Dans un français plus compréhensible : 

PHEDRE.
Las! Nourrice, il est vrai: mais je n’y puis que faire.
Je me travaille assez pour me cuider distraire
De ce gluant Amour, mais toujours l’obstiné
Se colle plus étroit à mon cœur butiné . (730)
Je ne saurais sortir libre de son cordage ,
Ma chaste raison cède à sa forçante rage:
Tant il peut dessus nous quand une fois son trait
Nous a troublé le sang de quelque beau portrait.
J’ai toujours un combat de ces deux adversaires, (735)
Qui s’entrevont heurtant de puissances contraires.
Ores celui-là gagne, et ore celui-ci,
Celui-ci perd après, celui-là perd aussi:
Maintenant la raison a la force plus grande,
Maintenant la fureur plus forte me commande: (740)
Mais toujours à la fin Amour est le vainqueur,
Qui paisible du camp s’empare de mon coeur.
Ainsi voit-on souvent une nef passagère
Au milieu de la mer, quand elle se colère,
Ne pouvoir aborder, tant un contraire vent (745)
Seigneuriant les flots la bat par le devant.
Les nochers éperdus ont beau caler les voiles,
Ont beau courir au mât, le désarmer de toiles,
Ont beau coucher la rame, et de tout leur effort
Tâcher malgré le vent de se traîner au port, (750)
Leur labeur n’y fait rien: la mugissante haleine
Du Nord qui les repousse, anéantit leur peine.
La nef court élancée, ou contre quelque banc,
Ainsi cette fureur violente s’oppose (755)
A ce que la raison salutaire propose,
Et sous ce petit Dieu tyrannise mon coeur.
C’est ce Dieu qui des Dieux et des hommes vainqueur
Exerce son empire au ciel comme en la terre:
Qui ne craint point de faire à Jupiter la guerre, (760)

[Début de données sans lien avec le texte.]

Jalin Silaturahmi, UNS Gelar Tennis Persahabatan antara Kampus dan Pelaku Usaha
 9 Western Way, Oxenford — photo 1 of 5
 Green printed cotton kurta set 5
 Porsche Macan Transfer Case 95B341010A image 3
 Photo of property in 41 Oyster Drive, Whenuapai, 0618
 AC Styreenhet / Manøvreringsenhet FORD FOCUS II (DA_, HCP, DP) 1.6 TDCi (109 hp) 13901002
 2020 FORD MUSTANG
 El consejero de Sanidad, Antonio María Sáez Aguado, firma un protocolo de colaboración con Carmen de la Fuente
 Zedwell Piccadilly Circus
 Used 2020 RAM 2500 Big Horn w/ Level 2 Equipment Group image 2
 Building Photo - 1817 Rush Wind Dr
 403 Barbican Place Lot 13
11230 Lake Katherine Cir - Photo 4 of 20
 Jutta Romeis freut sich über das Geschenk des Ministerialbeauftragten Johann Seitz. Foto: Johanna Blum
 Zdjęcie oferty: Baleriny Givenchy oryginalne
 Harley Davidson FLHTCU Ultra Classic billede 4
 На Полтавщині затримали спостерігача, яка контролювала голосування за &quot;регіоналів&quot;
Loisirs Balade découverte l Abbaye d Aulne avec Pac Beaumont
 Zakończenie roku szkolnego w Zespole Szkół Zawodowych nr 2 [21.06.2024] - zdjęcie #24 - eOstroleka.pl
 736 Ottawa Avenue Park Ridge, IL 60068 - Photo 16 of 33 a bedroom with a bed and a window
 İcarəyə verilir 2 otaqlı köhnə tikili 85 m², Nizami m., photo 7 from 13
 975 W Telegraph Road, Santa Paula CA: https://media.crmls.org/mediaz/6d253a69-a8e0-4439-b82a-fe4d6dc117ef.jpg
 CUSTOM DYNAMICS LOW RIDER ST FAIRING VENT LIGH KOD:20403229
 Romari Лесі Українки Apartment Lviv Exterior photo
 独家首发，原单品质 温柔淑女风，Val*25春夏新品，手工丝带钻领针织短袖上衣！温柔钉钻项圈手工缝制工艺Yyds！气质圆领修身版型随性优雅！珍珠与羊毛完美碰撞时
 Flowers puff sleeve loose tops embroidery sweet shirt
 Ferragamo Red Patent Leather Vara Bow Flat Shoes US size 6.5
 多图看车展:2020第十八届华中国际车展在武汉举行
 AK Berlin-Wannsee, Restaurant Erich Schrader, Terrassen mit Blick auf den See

Qui dompte le dieu Mars, ores qu’il soit d’armet,
De gréve et de cuirasse armé jusqu’au sommet:
Qui le dieu forgeron brûle dans la poitrine
Au milieu de sa forge, où le foudre il affine:
Le pauvre Dieu Vulcain, qui tout étincelant (765)
Aux fourneaux ensouffrez travaille martelant,
Qui toujours a le front penché dans la fournaise,
Qui à bras découverts va pincetant la braise,
Sans qu’il soit offensé de la force du feu,
De ces tisons d’Amour se défendre n’a peu. (770)
Il brûle en l’estomac, et tout sueux s’étonne
Qu’en lui qui n’est que feu, cet autre feu s’entonne.